Knight Frank also suggests to “take advantage of the situation to introduce new retail concepts”.

“Landlords hope to provide an experiential shopping experience and also create a point of differentiation in the competitive market with the introduction of new retail concepts,” it added.

The Centrepoint

After a 16-month renovation, a number of units on the ground level of The Centrepoint in Orchard remain available for leasing.

Frasers Centrepoint Malls Assistant General Manager for Retail Properties, Molly Lim explained that this was a consideration in the mall’s decision to undergo a revamp.

“The recent asset enhancement initiative at The Centrepoint was part of our efforts to continually refresh our mall offerings to better suit today’s changing consumer preferences,” Lim said. “The renovation includes redesigning the shopping experience, beyond the physical stores.”

Aside from the introduction of the food precincts which offer 30 new dining concepts, The Centrepoint also unveiled a new frontage that provides easy access and heightened the visibility of the Food Hall from the street level. The mall’s sixth floor has also been redesigned with a focus on wellness.

“Besides the rising operation costs, there is also competition from e-commerce, (that is why) some of the landlords are injecting lifestyle retail concepts to rejuvenate the retail experience and to excite shoppers,” Cushman & Wakefield’s Li said.

Analysts also reiterated that landlords should perform a critical review of their mall positioning and tenant mixes, in the face of rising competition and pressure from more discerning shoppers.

 

Further challenges ahead

As if there are not enough problems plaguing the retail market here, analysts warned of further challenges for the retail sector in the near term.

“With signs of waning consumer confidence and muted retail spending, coupled with the stronger Singapore Dollar against regional currencies, retail spending in Orchard Road could be impacted,” Low said. She also warned that the appetite for less prime retail spaces along Orchard Road is likely to reduce, exerting downward pressure on occupancy and rentals in Orchard.

However, while the weak sentiment is expected to linger in the Orchard area, other regions also don’t have much to cheer about. According to Knight Frank, Singapore’s overall retail market is likely to face continual headwinds going forward, with rents moderating further.

The property consultancy expects average rents in the Central Region to fall by 7.5 to 9.5 percent year-on-year by Q4 2016, while the more resilient prime rents are expected to moderate downwards by up to 3.0 percent year-on-year in the same period. “The expected fall in rents takes into account not only the projected weakened demand from retailers, but also the likelihood of landlords re-adjusting the rental structures to help their tenants tide over down cycles of the market in order to maintain healthy occupancy status.”
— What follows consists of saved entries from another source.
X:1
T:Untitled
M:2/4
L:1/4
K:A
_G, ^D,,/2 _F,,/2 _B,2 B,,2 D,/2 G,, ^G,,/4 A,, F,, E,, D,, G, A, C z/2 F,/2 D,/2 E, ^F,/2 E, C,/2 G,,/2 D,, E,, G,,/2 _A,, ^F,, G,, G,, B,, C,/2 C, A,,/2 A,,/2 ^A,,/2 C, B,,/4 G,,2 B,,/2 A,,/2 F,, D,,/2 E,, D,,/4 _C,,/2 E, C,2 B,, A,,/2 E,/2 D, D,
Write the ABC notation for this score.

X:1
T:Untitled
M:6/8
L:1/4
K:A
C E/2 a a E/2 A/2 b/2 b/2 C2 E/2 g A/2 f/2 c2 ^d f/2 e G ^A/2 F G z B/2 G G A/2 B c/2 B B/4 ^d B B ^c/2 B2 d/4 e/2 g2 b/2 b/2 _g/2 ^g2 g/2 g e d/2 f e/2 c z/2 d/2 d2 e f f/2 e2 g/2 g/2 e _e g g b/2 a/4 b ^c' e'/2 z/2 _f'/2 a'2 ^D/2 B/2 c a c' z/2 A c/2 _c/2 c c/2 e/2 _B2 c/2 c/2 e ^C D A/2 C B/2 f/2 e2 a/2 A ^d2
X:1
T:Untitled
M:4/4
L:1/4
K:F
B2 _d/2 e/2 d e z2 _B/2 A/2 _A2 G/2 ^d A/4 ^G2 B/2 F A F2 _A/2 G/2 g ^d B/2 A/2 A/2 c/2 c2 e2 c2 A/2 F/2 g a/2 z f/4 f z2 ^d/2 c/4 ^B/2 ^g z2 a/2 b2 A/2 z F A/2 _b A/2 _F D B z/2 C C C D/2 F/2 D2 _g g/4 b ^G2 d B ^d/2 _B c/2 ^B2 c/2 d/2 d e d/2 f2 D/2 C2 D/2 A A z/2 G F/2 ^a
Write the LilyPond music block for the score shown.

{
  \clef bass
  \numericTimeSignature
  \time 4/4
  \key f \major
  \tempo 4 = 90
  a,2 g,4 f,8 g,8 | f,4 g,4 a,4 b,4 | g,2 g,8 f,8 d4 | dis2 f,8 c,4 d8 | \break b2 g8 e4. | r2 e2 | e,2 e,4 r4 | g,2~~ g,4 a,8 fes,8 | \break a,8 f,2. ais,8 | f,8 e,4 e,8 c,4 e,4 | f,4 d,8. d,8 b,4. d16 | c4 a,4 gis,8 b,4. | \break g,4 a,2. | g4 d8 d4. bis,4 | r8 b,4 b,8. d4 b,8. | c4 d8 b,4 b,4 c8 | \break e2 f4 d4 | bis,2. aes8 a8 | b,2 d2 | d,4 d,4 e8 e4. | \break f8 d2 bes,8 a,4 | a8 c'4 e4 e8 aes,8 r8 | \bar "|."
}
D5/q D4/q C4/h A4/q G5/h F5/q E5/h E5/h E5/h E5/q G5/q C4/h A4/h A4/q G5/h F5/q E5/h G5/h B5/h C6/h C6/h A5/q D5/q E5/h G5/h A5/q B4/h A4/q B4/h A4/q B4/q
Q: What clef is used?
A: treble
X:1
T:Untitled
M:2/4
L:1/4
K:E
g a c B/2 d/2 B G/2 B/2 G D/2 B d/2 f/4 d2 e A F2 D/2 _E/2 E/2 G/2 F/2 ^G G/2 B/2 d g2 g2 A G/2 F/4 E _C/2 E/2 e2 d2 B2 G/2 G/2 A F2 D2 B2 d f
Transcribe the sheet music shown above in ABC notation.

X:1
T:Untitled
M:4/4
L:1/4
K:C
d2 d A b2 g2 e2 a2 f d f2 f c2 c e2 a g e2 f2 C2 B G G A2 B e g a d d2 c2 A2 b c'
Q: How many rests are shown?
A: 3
Based on government data, an estimated 1.072 million sq ft of net lettable retail space is scheduled to be completed in 2016. About 38.2 percent, or some 409,000 sq ft, have already entered the market in the first half of the year.

Knight Frank said: “In addition to this is the cautious stance taken by retailers towards business expansion, and island-wide occupancy is likely to fall from 92.8 percent in Q4 2015 to between 90.0 percent and 92.0 percent in Q4 2016.

Meanwhile, mall operators here remain hopeful that the market will eventually recover.

“While the attraction of low air fares and favourable currencies from the region are hurdles those in the retail industry may need to overcome, we are confident that the retail sector will remain sustainable in the long run as long as we continue to deliver a social experience,” Lim said.